*** Opening Data for this task ***
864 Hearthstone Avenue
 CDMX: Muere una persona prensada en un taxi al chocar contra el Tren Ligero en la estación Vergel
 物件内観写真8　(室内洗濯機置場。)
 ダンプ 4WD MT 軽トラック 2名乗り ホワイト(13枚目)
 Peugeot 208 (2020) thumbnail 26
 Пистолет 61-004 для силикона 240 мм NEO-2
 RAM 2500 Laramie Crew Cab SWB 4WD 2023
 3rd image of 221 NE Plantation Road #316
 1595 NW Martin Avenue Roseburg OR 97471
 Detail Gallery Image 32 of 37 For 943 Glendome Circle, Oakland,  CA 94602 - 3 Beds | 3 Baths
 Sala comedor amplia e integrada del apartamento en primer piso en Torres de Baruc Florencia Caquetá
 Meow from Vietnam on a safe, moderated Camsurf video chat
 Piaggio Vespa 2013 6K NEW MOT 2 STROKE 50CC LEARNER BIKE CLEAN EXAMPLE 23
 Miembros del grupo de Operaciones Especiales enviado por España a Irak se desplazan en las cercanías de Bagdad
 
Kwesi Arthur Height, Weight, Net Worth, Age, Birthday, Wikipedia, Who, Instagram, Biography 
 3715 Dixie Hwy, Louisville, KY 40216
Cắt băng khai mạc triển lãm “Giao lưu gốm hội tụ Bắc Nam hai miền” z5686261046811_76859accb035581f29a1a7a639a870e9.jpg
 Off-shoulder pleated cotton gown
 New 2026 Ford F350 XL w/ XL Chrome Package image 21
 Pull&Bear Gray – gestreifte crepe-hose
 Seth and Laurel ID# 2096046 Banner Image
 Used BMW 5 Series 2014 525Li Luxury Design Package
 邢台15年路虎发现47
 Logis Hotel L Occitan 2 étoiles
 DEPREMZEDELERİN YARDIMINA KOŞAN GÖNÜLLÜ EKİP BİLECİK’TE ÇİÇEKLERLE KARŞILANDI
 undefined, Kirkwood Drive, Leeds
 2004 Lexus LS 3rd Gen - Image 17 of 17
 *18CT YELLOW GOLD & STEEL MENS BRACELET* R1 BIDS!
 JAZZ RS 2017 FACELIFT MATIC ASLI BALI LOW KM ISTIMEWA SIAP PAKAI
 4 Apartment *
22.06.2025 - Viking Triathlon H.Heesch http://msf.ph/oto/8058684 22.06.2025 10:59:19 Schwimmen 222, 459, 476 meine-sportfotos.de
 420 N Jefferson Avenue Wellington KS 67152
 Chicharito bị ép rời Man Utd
*** Closing Data for this task ***
* [Exercise directions]
Please transcribe exactly the line containing "420 N Jefferson Avenue Wellington KS 67152" and every line after it to the end of the data, and no other lines.

* [Answer to the exercise]
 420 N Jefferson Avenue Wellington KS 67152
 Chicharito bị ép rời Man Utd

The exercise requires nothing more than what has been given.